250 pence in cash for each Scheme Share

·    The Independent Hastings Directors have today announced that Hastings Shareholders will also be entitled to receive an interim dividend for the six-month period ended 30 June 2020 of 4.5 pence per Hastings Share (the Interim Dividend). Hastings Shareholders on the register of members as at the close of business on 2 October 2020 will be entitled to receive and retain the Interim Dividend without any reduction of the consideration payable under the Offer.

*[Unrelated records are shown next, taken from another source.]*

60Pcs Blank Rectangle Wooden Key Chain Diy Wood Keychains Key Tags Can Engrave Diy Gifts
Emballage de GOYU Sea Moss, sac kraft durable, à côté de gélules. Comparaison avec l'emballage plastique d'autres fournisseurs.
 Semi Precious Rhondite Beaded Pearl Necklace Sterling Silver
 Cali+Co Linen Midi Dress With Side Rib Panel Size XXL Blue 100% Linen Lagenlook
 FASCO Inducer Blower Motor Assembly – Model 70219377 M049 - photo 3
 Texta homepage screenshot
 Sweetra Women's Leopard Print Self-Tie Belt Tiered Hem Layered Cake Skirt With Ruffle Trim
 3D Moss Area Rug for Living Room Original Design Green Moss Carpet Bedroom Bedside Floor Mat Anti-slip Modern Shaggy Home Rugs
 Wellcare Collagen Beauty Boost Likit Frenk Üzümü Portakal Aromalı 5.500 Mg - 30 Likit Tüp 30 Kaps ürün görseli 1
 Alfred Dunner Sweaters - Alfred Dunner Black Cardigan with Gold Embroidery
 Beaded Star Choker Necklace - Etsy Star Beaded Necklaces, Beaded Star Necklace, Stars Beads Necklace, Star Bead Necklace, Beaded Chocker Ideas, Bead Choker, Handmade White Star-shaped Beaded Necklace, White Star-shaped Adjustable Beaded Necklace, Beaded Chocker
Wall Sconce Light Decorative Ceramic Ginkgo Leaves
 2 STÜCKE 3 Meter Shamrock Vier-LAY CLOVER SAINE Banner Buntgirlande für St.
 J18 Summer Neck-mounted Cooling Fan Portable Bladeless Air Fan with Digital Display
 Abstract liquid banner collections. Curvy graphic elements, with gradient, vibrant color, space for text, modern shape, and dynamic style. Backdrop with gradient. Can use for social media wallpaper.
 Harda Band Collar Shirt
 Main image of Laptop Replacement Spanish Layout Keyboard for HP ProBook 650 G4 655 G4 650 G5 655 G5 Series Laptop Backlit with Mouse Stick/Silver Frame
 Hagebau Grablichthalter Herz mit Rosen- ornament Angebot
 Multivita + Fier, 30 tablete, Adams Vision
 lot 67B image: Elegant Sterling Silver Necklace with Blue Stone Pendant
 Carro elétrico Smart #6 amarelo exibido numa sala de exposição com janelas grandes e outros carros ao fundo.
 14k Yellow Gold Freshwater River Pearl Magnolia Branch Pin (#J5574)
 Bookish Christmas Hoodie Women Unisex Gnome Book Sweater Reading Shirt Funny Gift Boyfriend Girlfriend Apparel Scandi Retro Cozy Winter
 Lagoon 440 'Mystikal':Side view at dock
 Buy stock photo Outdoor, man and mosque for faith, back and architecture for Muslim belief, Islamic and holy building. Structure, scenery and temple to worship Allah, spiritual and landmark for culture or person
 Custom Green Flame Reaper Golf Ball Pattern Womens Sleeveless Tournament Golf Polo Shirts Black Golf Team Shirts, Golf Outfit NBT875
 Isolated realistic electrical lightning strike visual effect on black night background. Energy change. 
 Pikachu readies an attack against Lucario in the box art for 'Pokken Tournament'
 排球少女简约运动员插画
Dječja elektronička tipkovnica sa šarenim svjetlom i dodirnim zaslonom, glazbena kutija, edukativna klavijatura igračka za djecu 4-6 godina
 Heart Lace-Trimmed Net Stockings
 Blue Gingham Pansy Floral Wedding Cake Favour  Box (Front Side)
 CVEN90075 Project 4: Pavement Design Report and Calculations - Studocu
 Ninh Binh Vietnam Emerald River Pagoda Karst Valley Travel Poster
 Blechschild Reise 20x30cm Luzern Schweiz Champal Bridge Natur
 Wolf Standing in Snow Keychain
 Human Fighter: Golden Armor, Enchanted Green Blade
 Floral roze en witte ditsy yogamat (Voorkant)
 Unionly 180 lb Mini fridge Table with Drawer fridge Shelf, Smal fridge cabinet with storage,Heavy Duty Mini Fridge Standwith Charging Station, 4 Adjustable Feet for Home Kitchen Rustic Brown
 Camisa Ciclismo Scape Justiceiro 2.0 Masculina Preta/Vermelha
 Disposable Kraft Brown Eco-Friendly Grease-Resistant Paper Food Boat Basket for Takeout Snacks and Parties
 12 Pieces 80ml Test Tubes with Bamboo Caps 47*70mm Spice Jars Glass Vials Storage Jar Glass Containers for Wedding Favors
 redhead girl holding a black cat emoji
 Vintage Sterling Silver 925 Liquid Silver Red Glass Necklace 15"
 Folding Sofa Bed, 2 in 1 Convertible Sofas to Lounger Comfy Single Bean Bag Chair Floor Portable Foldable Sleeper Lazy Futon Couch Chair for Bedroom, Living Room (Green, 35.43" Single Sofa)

·    The terms of the Offer (excluding the Interim Dividend) represent:

o  a premium of approximately 47.1 per cent. to the Closing Price per Hastings Share of 170 pence on 28 July 2020 (being the last Business Day before Hastings announced it had received an approach that may or may not lead to an offer);

o  a premium of approximately 37.5 per cent. to the volume-weighted average price of 182 pence per Hastings Share for the three-month period ended 28 July 2020 (being the last Business Day before Hastings announced it had received an approach that may or may not lead to an offer); and

o  a premium of approximately 41.7 per cent. to the volume-weighted average price of 176 pence per Hastings Share for the six-month period ended 28 July 2020 (being the last Business Day before Hastings announced it had received an approach that may or may not lead to an offer).

·    The terms of the Offer (excluding the Interim Dividend) value Hastings’ entire issued and to be issued share capital at approximately £1.66 billion.

Information on the Consortium and Bidco

·    Sampo is a leading Nordic insurance group listed on Nasdaq Helsinki with a market capitalisation of approximately €17.6 billion on 4 August 2020 (being the last practicable date before the date of this Announcement). The Sampo Group is made up of the parent company Sampo and its subsidiaries If P&C Insurance, Mandatum Life and Topdanmark. Nordea, the Nordic banking group and Nordax, a leading Nordic niche bank, are Sampo’s associated companies.

·    If P&C Insurance is the leading property and casualty insurer in the Nordic region. It provides insurance solutions and services in Finland, Sweden, Norway, Denmark and the Baltic countries. Topdanmark is the second largest P&C insurance company and a major life insurance company in Denmark. Mandatum Life is a Finnish financial services company that provides wealth management, remuneration services and personal risk insurance. In addition to Finland, Sampo operates in all the Baltic countries. Sampo administers its insurance subsidiaries and is a major shareholder in Nordea and Nordax. Sampo has offered car insurance policies since 1920.

·    RMI is a South African financial services investment holding company founded in 1977 with its shares listed on the Johannesburg Stock Exchange Limited with a market capitalisation of approximately R 48.4 billion on 4 August 2020 (being the last practicable date before the date of this Announcement). RMI aims to be a value-adding, active enabler of leadership and innovation in financial services and currently holds an investment portfolio including its existing investment in Hastings and investments in some of South Africa’s premier insurance brands and in next-generation financial services and asset management companies.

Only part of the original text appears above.